Karanlığın Dışında 1…
Otistik olmak çoğu gün zorlu ve bazen çok yorucu. İçin için ondan kurtulabileceğimi umsamda bunun imkansızlığının farkındayım. Bu yüzden de bir süredir kendime Otistik olmanın korkunç bir şey olduğunu söylemeyi bıraktım. Aslında bunu annemden öğrenmiştim. Bütün çocukluğum ve gençliğim boyunca annem sürekli otistik olmamın ne kadar korkunç bir şey olduğunun altını çizip durmuştu. Benim durumumda, narsist bir anneyle büyümek her şeyi daha karmaşık hale getirdi. Tek istediğim annemin beni sevmesi ve kabul etmesiydi ama bu asla olmadı. Onunla bağlantı kurmak için her şeyi denedim ama hiçbir şey işe yaramadı. Beni neden hiç sevmediğini anlayamıyordum. Diğer çocuklar gibi olmadığım için hayatım boyunca hep kendimi suçladım. Belki benim de hatalı ve yanlış tavırlarım olmuştur ama…

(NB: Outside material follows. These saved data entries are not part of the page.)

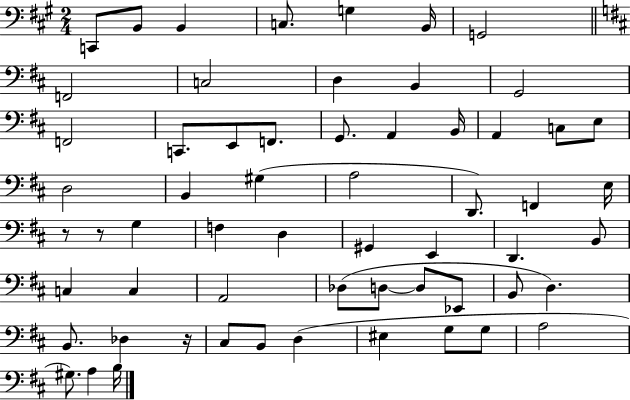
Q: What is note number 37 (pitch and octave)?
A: C3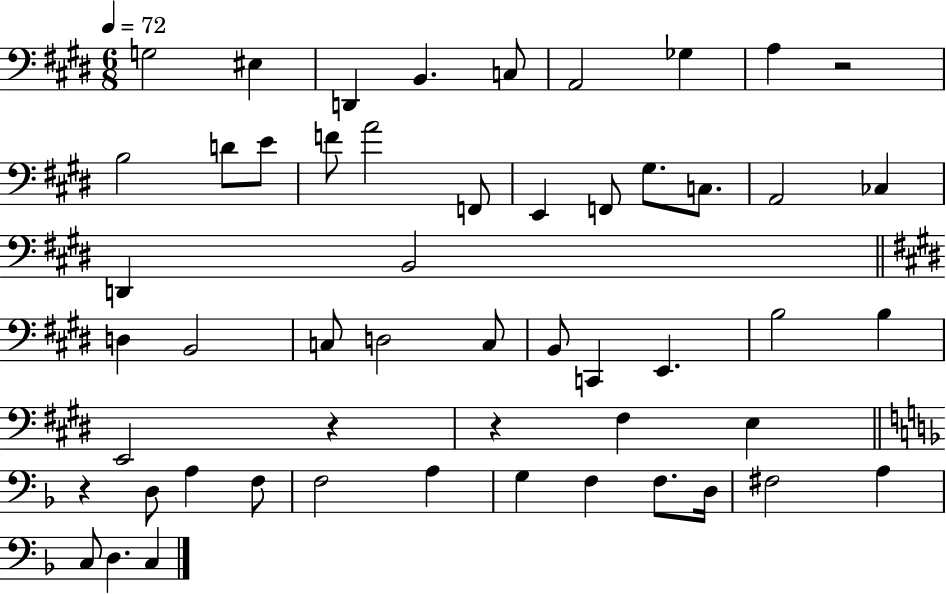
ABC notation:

X:1
T:Untitled
M:6/8
L:1/4
K:E
G,2 ^E, D,, B,, C,/2 A,,2 _G, A, z2 B,2 D/2 E/2 F/2 A2 F,,/2 E,, F,,/2 ^G,/2 C,/2 A,,2 _C, D,, B,,2 D, B,,2 C,/2 D,2 C,/2 B,,/2 C,, E,, B,2 B, E,,2 z z ^F, E, z D,/2 A, F,/2 F,2 A, G, F, F,/2 D,/4 ^F,2 A, C,/2 D, C,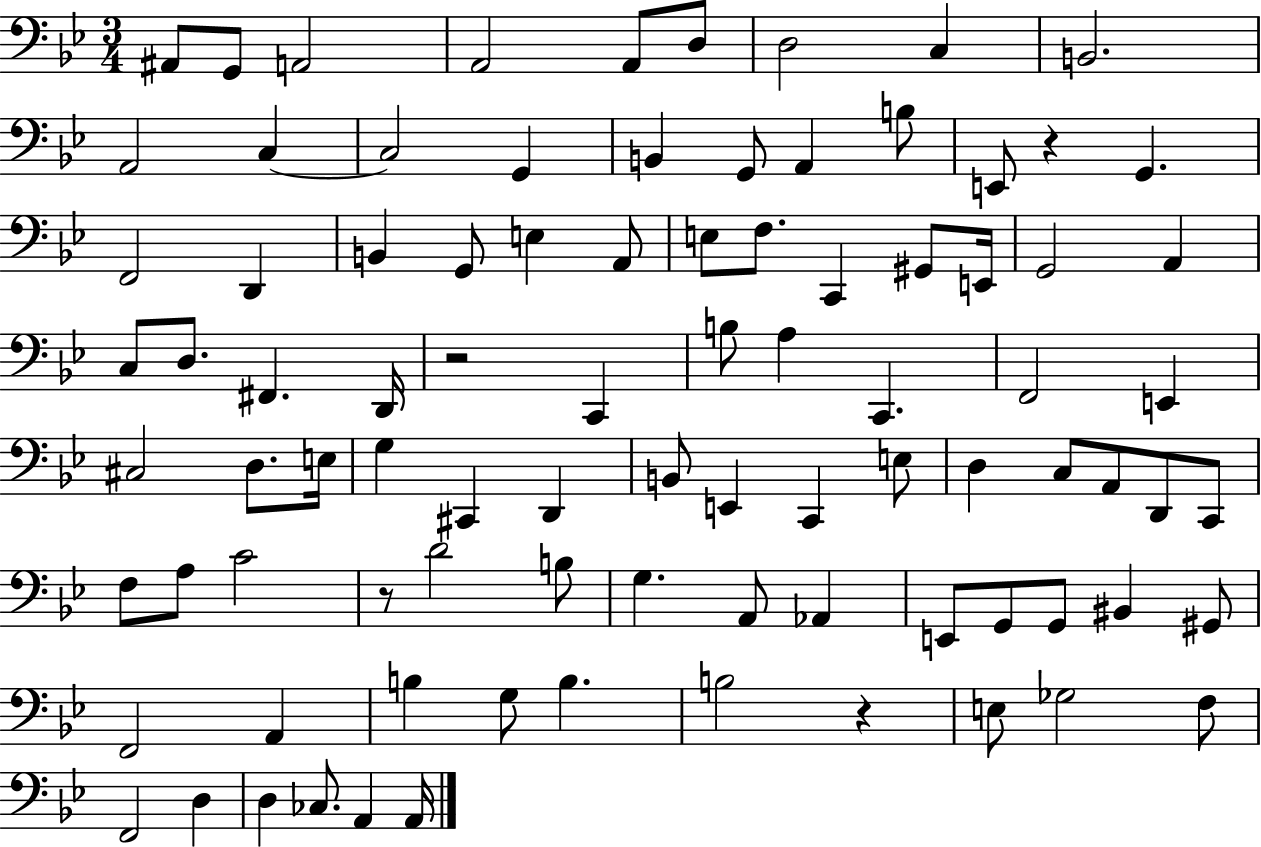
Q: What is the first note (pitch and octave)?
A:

Yaşım ilerledikçe annemin aslında beni hiç sevmediğini fark ettim; Bu farkındalık beni tamamen değiştirdi. Annem gibi olmak istemiyordum o yüzden ben nefret etmek yerine sevmeyi seçmeyi öğrendim. Uyuşturucudan ve kötü niyetli insanlardan uzak durdum. Hayatım onunki gibi olmasın diye daha iyisini yapmalıydım diye çabalamak çok işime yaradı. Karımla tanıştım ve bu hayatımı değiştirdi. Annemle yaşadıklarım yüzünden gençlik yıllarımda hayatımdan nefret ettim. Bir kaç kez yaşamaktan vazgeçmeyi düşündüm ama hiçbir şeyi kolay bırakan biri değildim, bu yüzden devam ettim. Karımla tanıştıktan sonra ise her şey değişti. İkimizde çok genç olmamıza rağmen. Sevgi dolu bir ilişki kurmayı başardık. Bu ilişkiyi hayata geçirmekte karım bana çok yardımcı oldu.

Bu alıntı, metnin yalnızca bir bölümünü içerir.